May 18, 2022
Always with a wide smile and clean humor, the multifaceted Cuban comedian, playwright and actor Alexis Valdés radically changes tone with "Fear Made Us Strong," a memoir about a childhood full of beatings, scarcity and sadness.
If almost a decade ago the comedian made his literary debut with a light book of amusing stories and anecdotes ("With All My Humor"), in the work he will publish on April 26, he hits the reader with the account of years of abuse in a place wrongly called home.
In "Fear Made Us Strong" (Vintage Español) Valdés is not seeking to settle scores with his past or with his abusive stepfather, whom he refers to as the "unspeakable one," but rather to show that one can confront a "dormant pain" for years, the humorist explains in a telephone interview with Efe in Miami, where he has lived since 2005.
His was a childhood marked by his parents' divorce and the arrival at his home of a stepfather who discharged his human miseries in the form of beatings and threats, especially toward little Alexis, a sensitive boy in whom the "unspeakable one" saw the image of his father, the other man in his then-wife's life.
Without being very clear whether it would be a short story or whether the protagonist would be little Alexis or an unknown child, Valdés ultimately opted for a memoir that would carry the message that one can "deal with the ghosts" of the past.
And it allowed him to do an exercise to understand the reasons why his stepfather, himself mistreated as a child, was so cruel to his daughters and stepchildren and, in some way, allowed him to be generous and forgive.
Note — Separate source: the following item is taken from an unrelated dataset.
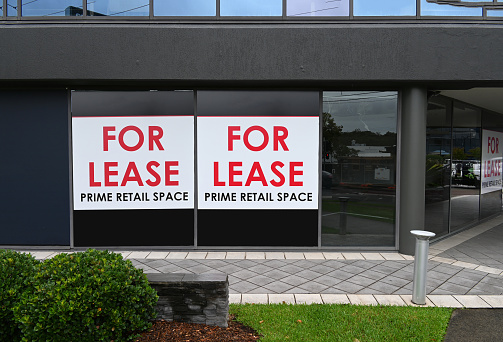 Commercial property for lease with two big signs on the window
"I don't feel resentment or hate. I don't have to take revenge. The book is an act of liberation" and it carries the message that "sometimes the good guys win," because, in the end—he explains—he triumphed in his particular war with the stepfather and not only "got ahead," but has a good life.
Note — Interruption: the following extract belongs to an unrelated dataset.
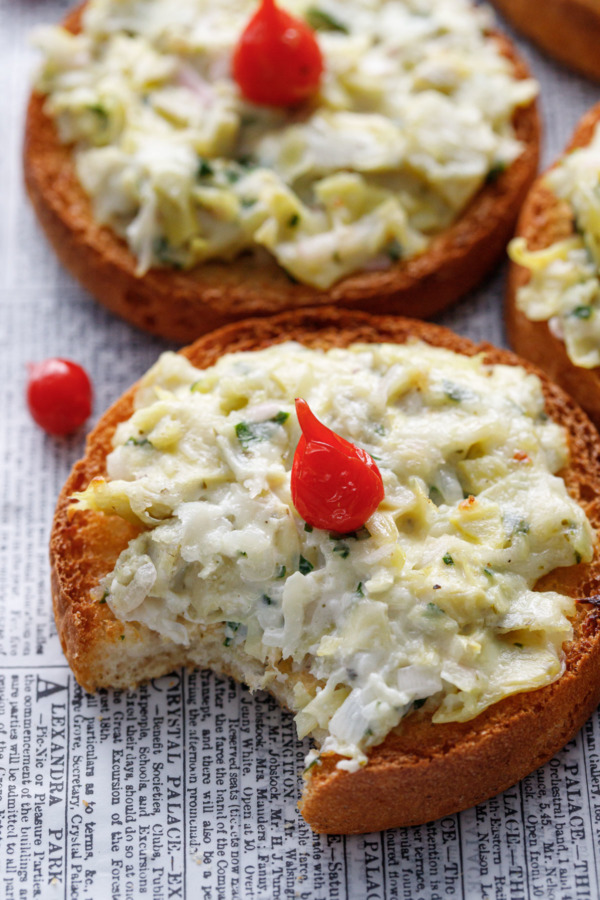 Closeup of one artichoke crostino toast with a pepper drop on top with a bite taken out of it.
The photograph on the cover makes the message clear: a Valdés with a hard gaze, saying "Stop abuse, let's change the story."
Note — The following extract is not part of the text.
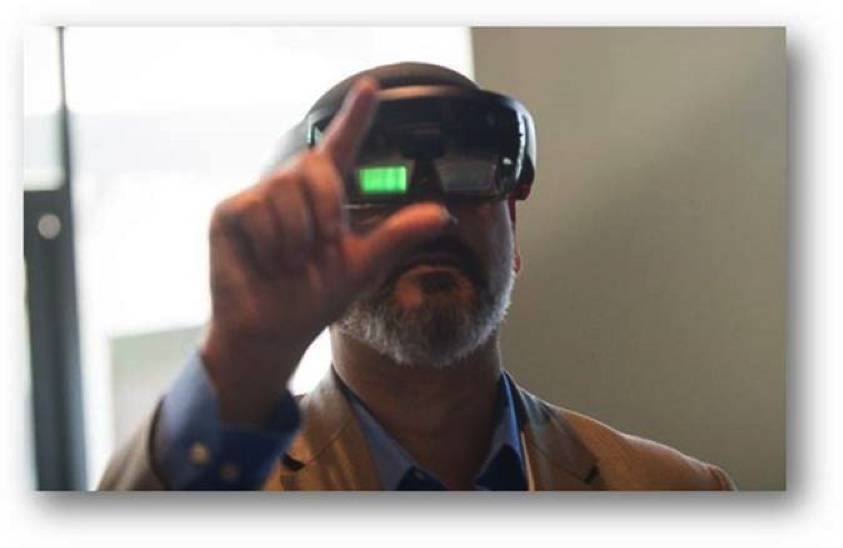 Nirav Desai, chief technologist at Booz Allen, experimenting with his augmented reality headset.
The comedian, who is preparing to maintain his tradition on May 8 of bringing his usual comedy show to the Miami-Dade County Auditorium for Mother's Day, says that the title of these memoirs is accurate and that, after the fear, he now feels "strong."
The unexpected success and public recognition, both in Cuba and in Spain—he explains—not only helped him recover his so-damaged self-esteem but "transformed" him and allowed him to feel "accepted" and grow as a human being.
"I was that sad, anxious child, whose mistakes were poorly tolerated because I lived in an oppressive environment because of my stepfather," he recalls about that boy who "from whom nothing was expected" became Cuba's most recognized humorist.
"It was as if life gave me a great applause, as if it told me: 'You've had it hard, you've struggled a lot, but here we are rewarding you,'" he points out.
Fortunately, he acknowledges, that childhood bitterness did not carry over into his humor, almost always luminous and optimistic, whether in comedy monologues, television, theater or film: "In me there is a secret hope that I can contribute a little to improving my place, my time."
And there is something of that in these memoirs, in which—despite living his childhood in a country where, as he says in the book, his generation was "demanded so much that they didn't let us be children"—he also reflects a joy of living and the hope that one day everything will be better.